## TASK DETAILS
Your task is to return the listing below word for word, without any of its images.

## PROVIDED ENTRIES
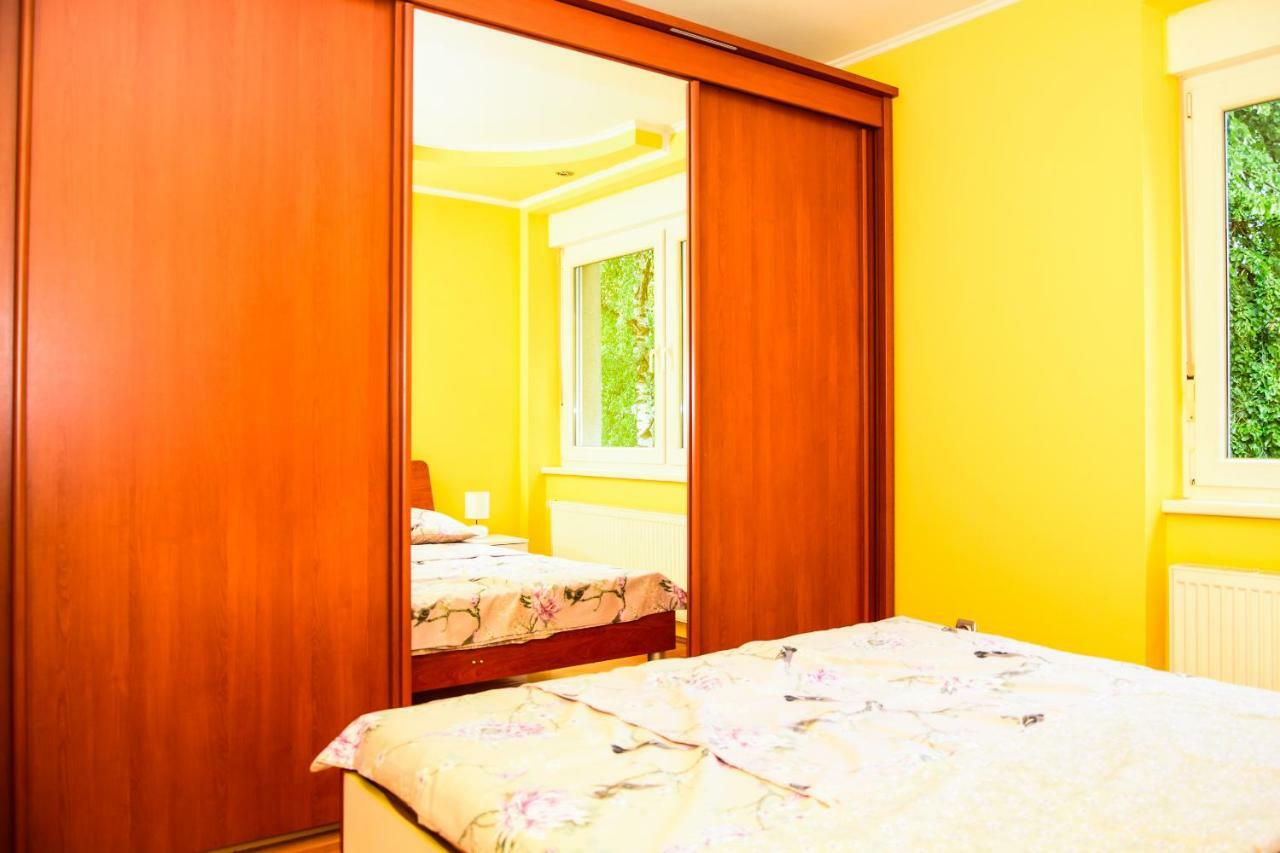 Apartman Gita Zagreb Exterior photo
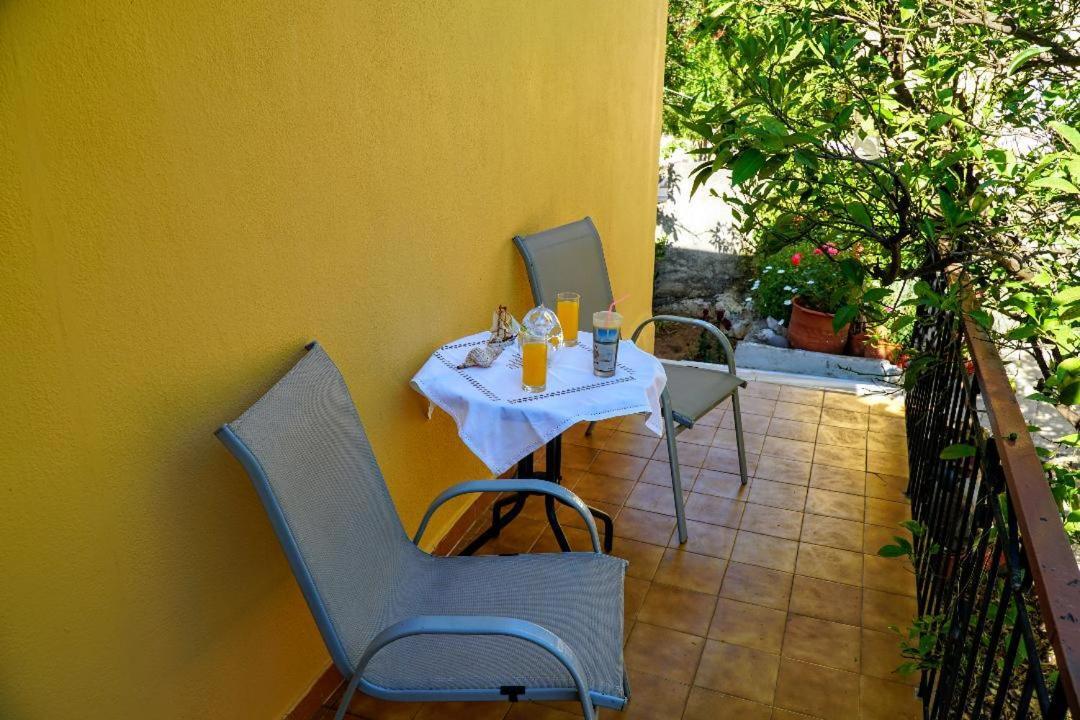 Agnanti House Villa Szími Kültér fotó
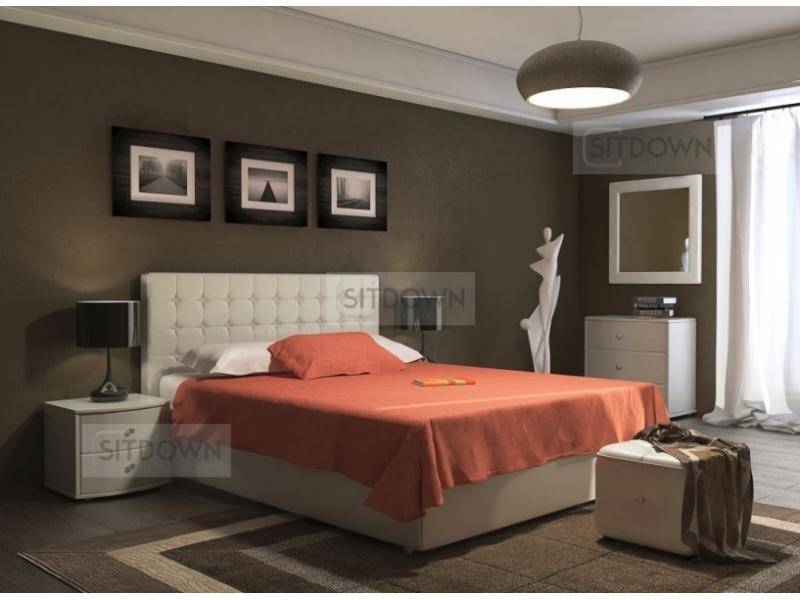 эко кровать грильяж в Нижневартовске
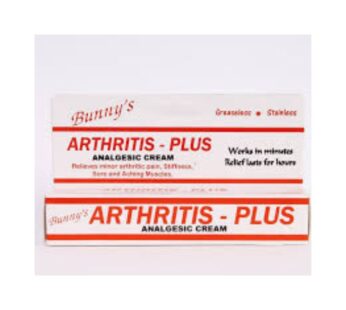 Bunny’s 60g Arthritis PLUS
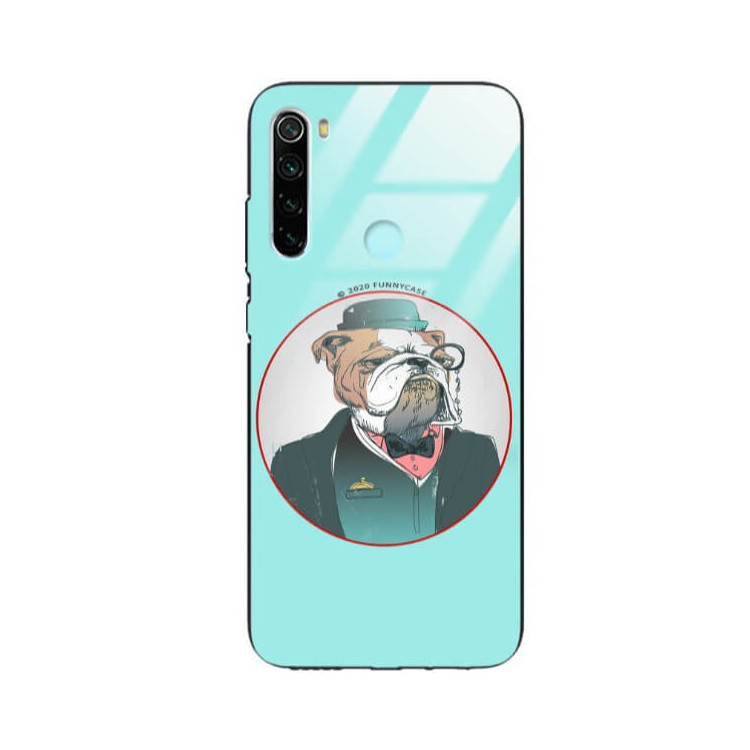 Etui Xiaomi REDMI NOTE 8, ST_FCG_2020-1_145 Wzory - FunnyCase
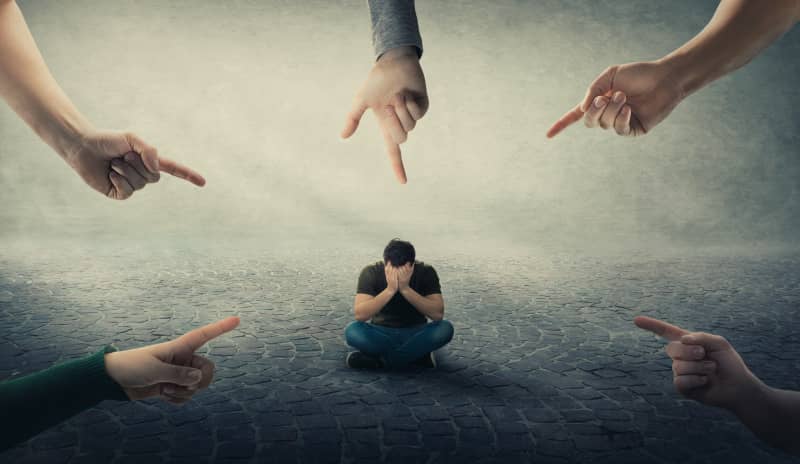 Sentimiento de culpa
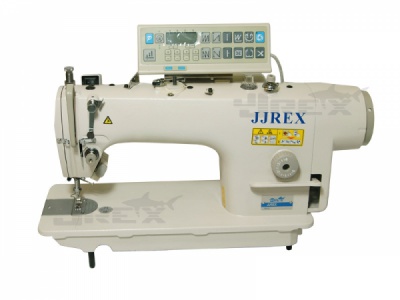 JJREX 8900D Комплект прямострочной ПШМ, для лёг/сред., с серводвигателем и программным управлением - купить в Северске. Цена 75 064.97 руб.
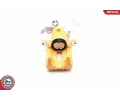 ESEN SKV Brzdov tmen ESN 23SKV033 YELLOW, 23SKV033 YELLOW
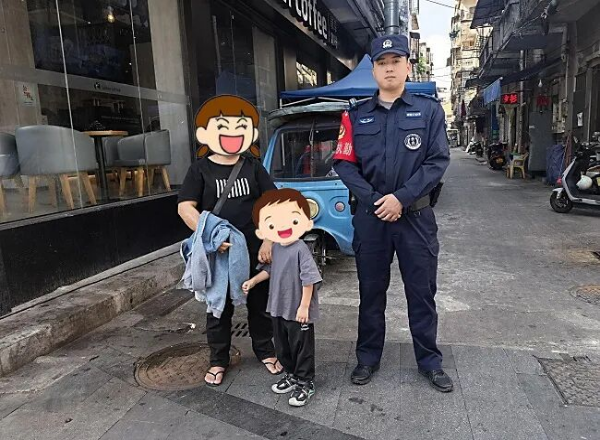 【阳光下的守护】“走心”服务不止步 “暖心”警事在身边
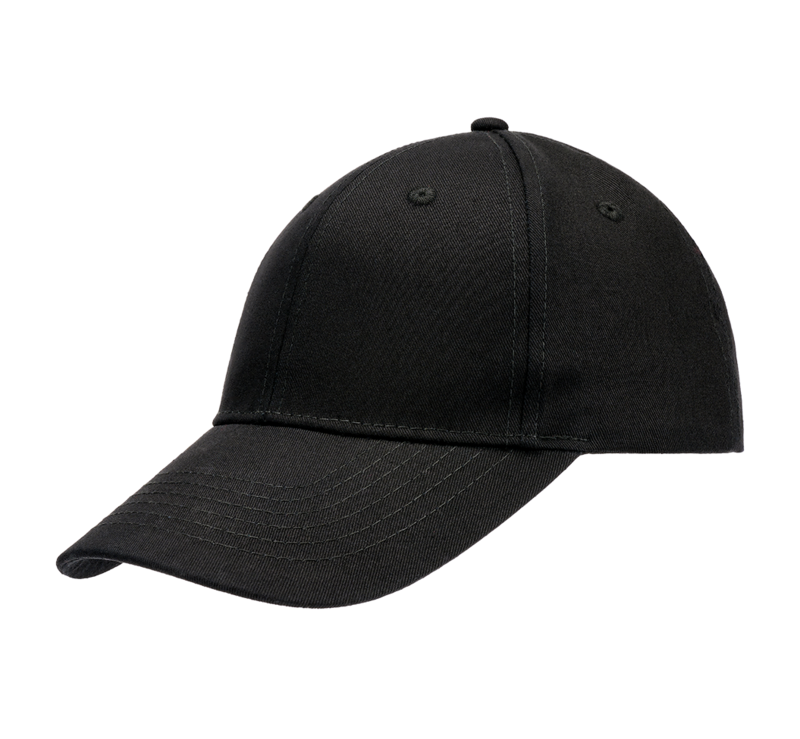 Cappello  di Brandit - Base Cap nero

## EXERCISE SOLUTION
 Apartman Gita Zagreb Exterior photo
 Agnanti House Villa Szími Kültér fotó
 эко кровать грильяж в Нижневартовске
 Bunny’s 60g Arthritis PLUS
 Etui Xiaomi REDMI NOTE 8, ST_FCG_2020-1_145 Wzory - FunnyCase
 Sentimiento de culpa
 JJREX 8900D Комплект прямострочной ПШМ, для лёг/сред., с серводвигателем и программным управлением - купить в Северске. Цена 75 064.97 руб.
 ESEN SKV Brzdov tmen ESN 23SKV033 YELLOW, 23SKV033 YELLOW
 【阳光下的守护】“走心”服务不止步 “暖心”警事在身边
 Cappello  di Brandit - Base Cap nero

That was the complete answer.